Dass man sich gegen Schäden von Cyber-Angriffen versichern kann, wissen nur die wenigsten Betriebe. „In Österreich sind erst fünf Prozent der Firmen versichert, in den USA sind es fast 40 Prozent“, sagt Christian Kaiser, Geschäftsführer der Vero Versicherungsmakler. Während vor allem Banken, Telekom- und Kreditkartenkonzerne über eine umfassende Deckung verfügen würden, habe der Mittelstand fast zu 100 Prozent keine.

Vor allem Energiekonzerne, Verkehrsbetriebe und medizinische Einrichtungen sollten den Versicherungsschutz erweitern. „Bei Cyber-Angriffen kann es in Folge zu unkalkulierbaren Sach- und Personenschäden kommen.“ Die Geschäftsführung ist laut Kaiser im Fall der Fälle voll haftbar.

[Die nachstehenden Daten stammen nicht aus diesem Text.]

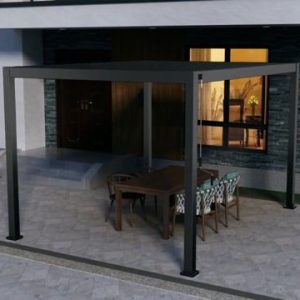 Pergola Deluxe aluminium 300x300 cm antrasitt - Mirador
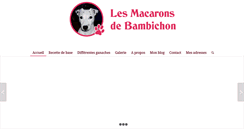 Desktop Screenshot of les-macarons-de-bambichon.com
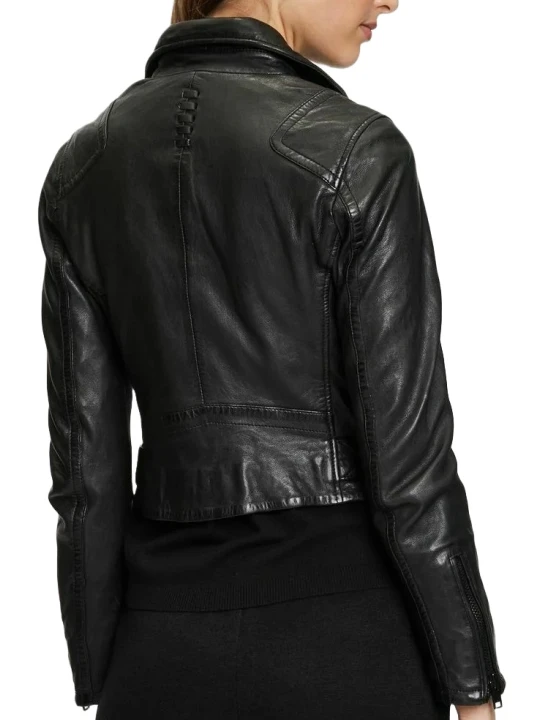 Trendy Leather Jacket Black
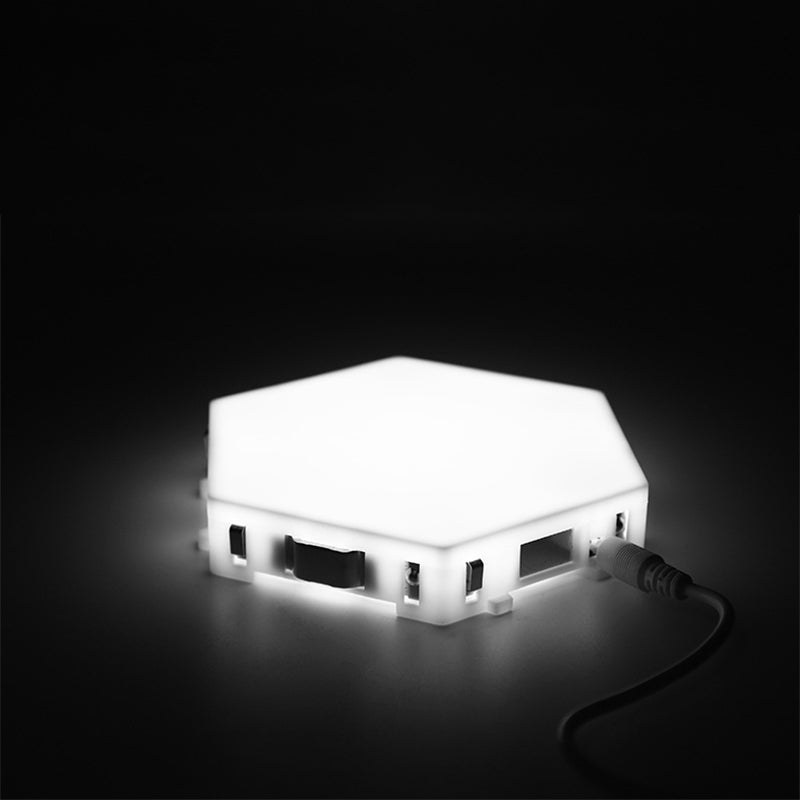 White Honeycomb Wall Sconce Light Decorative Modern Plastic LED Wall Lamp for Living Room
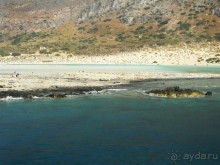 Остров Грамвуса и бухта Балос. Греция.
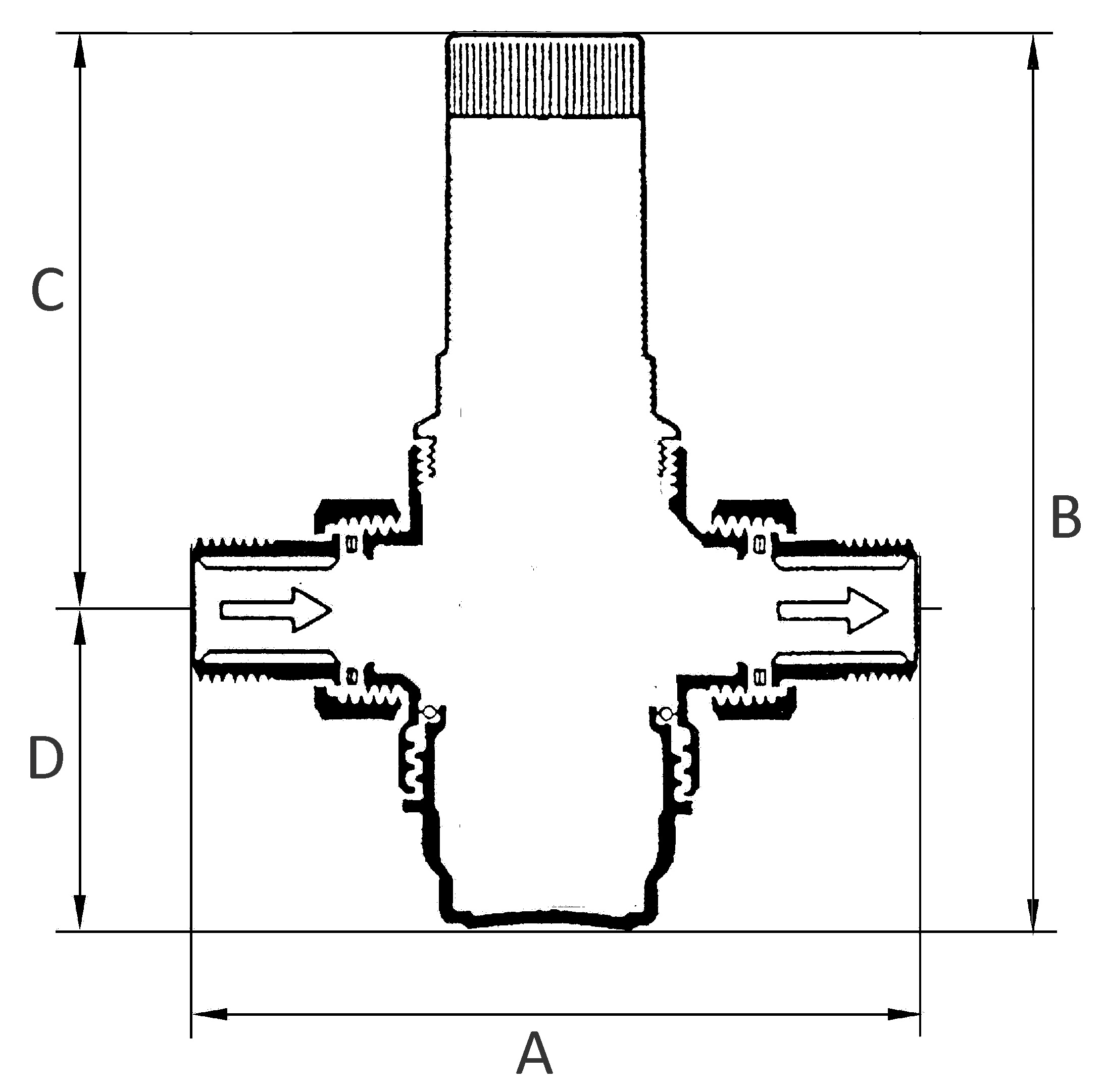 Druckregler für Trinkwasser, ohne DVGW, R 1 1/2, 1,5 - 6 bar - bekommst Du bei HUG Technik ♡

Denn sie sei dazu verpflichtet, Sicherheitsvorkehrungen im Unternehmen zu treffen und Verträge mit IT-Dienstleistern entsprechend zu prüfen. „Wer keine ausreichenden Vorkehrungen trifft, der wird zur Rechenschaft gezogen“, sagt Jürgen Schagerl, Prokurist bei Vero.

Aber nicht nur in vielen Betrieben sei über die Problematik nicht wirklich intensiv nachgedacht worden. Es fehle auch an der Aufklärung seitens der Versicherungen. „Das Thema ist nicht nur extrem komplex und berstungsintensiv“, sagt Schagerl. Es bedürfe auch immer einer sehr individuellen Vertragslösung, zudem entwickle sich Cyber-Kriminalität ständig weiter. „Es empfiehlt sich, den Vertrag jährlich zu überarbeiten.“ Viele Makler würden daher den aufwendigen Vertrieb scheuen, heißt es in der Branche.

Kaiser zufolge zahlt ein kleines Büro (10 bis 15 Mitarbeiter) rund 2000 bis 3000 Euro Prämie im Jahr. Bei einem Hackerangriff entstehe ein ungleich höherer Schaden. Schagerl nennt als fiktives Beispiel ein Unternehmen mittlerer Größe, dessen Online-Vertrieb Opfer von Datenklau geworden ist. Über mehrere Monate konnten sich Hacker Zugriff zu dem eigentlich streng gesichert geglaubten Abrechnungssystem für Kreditkarten beschaffen. Zwei Millionen Kundendaten wurden kopiert und unrechtmäßig benutzt. Die Kosten belaufen sich auf insgesamt mehr als fünf Millionen Euro. Die größten brocken entfallen mit je zwei Millionen Euro auf die Schadensgutmachung und die gesetzliche Informationspflicht, eine weitere halbe Million entfällt auf Rechtskosten, eine Viertel Million auf Medien- und PR-Arbeit. „Das Schadensausmaß ist sowohl finanziell als auch für die Reputation immens“, sag Schagerl.